Example of R used in the media
- “At the BBC data team, we have developed an R package and an R cookbook to make the process of creating publication-ready graphics in our in-house style…” - BBC Visual and Data Journalism cookbook for R graphics
What is RStudio?
RStudio, which is an Integrated Development Environment (IDE) for working with R. First time users often confuse the two. At its simplest, R is like a car’s engine while RStudio is like a car’s dashboard as illustrated in the Figure below.
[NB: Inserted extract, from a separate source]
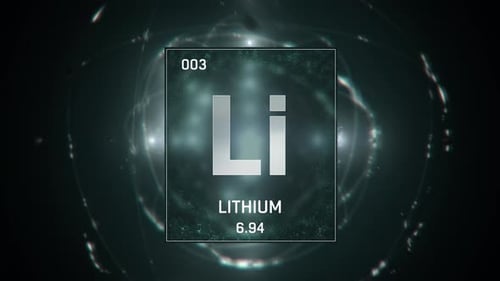Lithium as Element 3 of the Periodic Table 3D animation on green background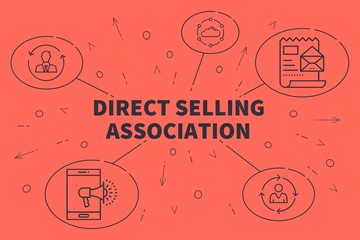 Conceptual business illustration with the words direct selling association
More precisely, R is a programming language that runs computations, while RStudio provides an interface by adding many convenient features and tools.
RStudio Interface
The RStudio interface has four main panels:
- Console: where you can type commands and see output. The console is all you would see if you ran R in the command line without RStudio.
- Script editor: where you can type out commands and save to file. You can also submit the commands to run in the console.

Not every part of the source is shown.